Ты меня на рассвете разбудишь,
Проводить необутая выйдешь,
Ты меня никогда не забудешь,
Ты меня никогда не увидишь…

     Едва только прозвучал последний аккорд, Павел положил гитару, встал и ушел, несмотря ни на какие уговоры Вали с Галей. Рита объяснила: у курсантов – не студенческая богемная общага, строго у них там, а Паша – человек дисциплинированный…
     Марина молчала…
     Слишком ясно она поняла: последняя песня из «Юноны и Авось» не просто так прозвучала – завершением неодолимого притяжения глаз, их недопустимой близости…
     Пришел-то Павел к Рите Комаровой, и не в правилах Марины Гриневич было  отбивать  у подруги жениха, но не смогла она противостоять внезапному ощущению душевного родства, которое, в отличие от вспышки чувственной страсти, гораздо реже обманывает сердце. 

   Рита сделала вид, что ничего не заметила, но больше они с Мариной не виделись и не общались, и только через год, от одной из бывших одноклассниц пришло сообщение, что Комарова вышла замуж и уехала в Варну: муж Риты был болгарин, и звали его не Павлом, а Пламеном…

Ты меня никогда не забудешь,
Ты меня никогда не увидишь…

     В жизни все получилось иначе: Павла Марина забыла. По крайней мере, о встрече с ним в конце девяносто девятого - после разговора с отцом по телефону вспомнила только утром, когда включила приемник, и, по неожиданному совпадению, услышала голос Николая Караченцова: «Ты меня на рассвете разбудишь, проводить, необутая, выйдешь»…

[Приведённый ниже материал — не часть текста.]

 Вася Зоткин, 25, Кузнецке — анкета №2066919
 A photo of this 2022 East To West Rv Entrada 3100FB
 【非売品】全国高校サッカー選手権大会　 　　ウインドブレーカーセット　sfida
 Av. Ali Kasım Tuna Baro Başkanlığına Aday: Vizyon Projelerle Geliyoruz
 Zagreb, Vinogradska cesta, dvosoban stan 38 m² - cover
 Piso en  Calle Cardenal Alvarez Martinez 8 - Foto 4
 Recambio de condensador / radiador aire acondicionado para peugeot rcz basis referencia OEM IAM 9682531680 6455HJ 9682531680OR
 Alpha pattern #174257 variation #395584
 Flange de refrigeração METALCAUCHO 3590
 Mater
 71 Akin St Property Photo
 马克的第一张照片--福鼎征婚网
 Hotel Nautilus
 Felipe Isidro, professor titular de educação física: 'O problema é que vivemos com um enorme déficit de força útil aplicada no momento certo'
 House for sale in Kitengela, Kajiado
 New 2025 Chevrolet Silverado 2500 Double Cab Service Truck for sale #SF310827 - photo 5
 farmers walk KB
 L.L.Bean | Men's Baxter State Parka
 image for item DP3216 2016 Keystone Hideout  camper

     Марина никогда не будила Павла на рассвете…
     В субботу они встретились у Гриневичей, на небольшой вечеринке, с превосходной выпечкой старенькой, но все еще бодрой Эммы Леонидовны, и  домашним  виноградным вином. Бывший курсант мало изменился внешне, только повзрослел на десять лет, но жизнь его резко повернула в другую сторону: он сменил профессию, весь образ жизни и пел теперь совсем другие песни. О далеком декабрьском вечере Марине напомнила только "Небылица" Суханова на стихи Анненского.  Но осталось неизменным ощущение необычной близости и родства: легко говорить, легко молчать, и так тепло – просто быть рядом…
     Но как же быстро пролетел сентябрь – вопреки прогнозу погоды, затянувшееся бабье лето!
     - Марина, выходи за меня замуж…
     Молчаливый ответный взгляд ее он понял правильно:
     - Я знаю о твоей болезни. Михаил все мне рассказал. У тебя удивительное сердце – я постараюсь его оберегать, только позволь мне всегда быть рядом с тобой…
     - Паша, я очень тебе благодарна – этот месяц был самым счастливым в моей жизни.  Но сердце мое…  Тогда, у Риты,  я понимала: продолжения быть не может, лучше все забыть – и ведь забыла, сразу даже не вспомнила, когда папа мне от тебя привет передал…  Пойми, пожалуйста, правильно: люди с моим диагнозом редко доживают до старости.  Остается только постоянно пребывать под стеклянным колпаком: обременительно, грустно и очень надоедает, поверь…  Я хочу жить, как здоровый человек, а не как хрустальная ваза на краю стола: бегать, танцевать, плавать в море с дельфинами, любить всем телом, а не только своим обреченным сердцем, рожать от тебя детей -  и словно по минному полю буду идти, не зная, когда последует взрыв…  Паша, я не смерти боюсь – давно уже смирилась с этой мыслью. Я твоего страдания боюсь, а оно неизбежно, если наши сердца станут, как одно…
     - Наши сердца – уже одно, и вечность в них тоже – одна на двоих, поверь, любимая...
     Но она не поверила: опять эти разговоры о вечности – несбыточной мечте хрупкого существа по имени «человек», чье гладкое чело покрывается   морщинами всего за несколько десятилетий, и чей век, исполненный печали, на этой древней земле краток и призрачен, словно ускользающий сон…
     И разве не сопротивляясь неизбежности,  Павел пел ей песню Таривердиева на стихи Андрея Вознесенского: «Не исчезай»?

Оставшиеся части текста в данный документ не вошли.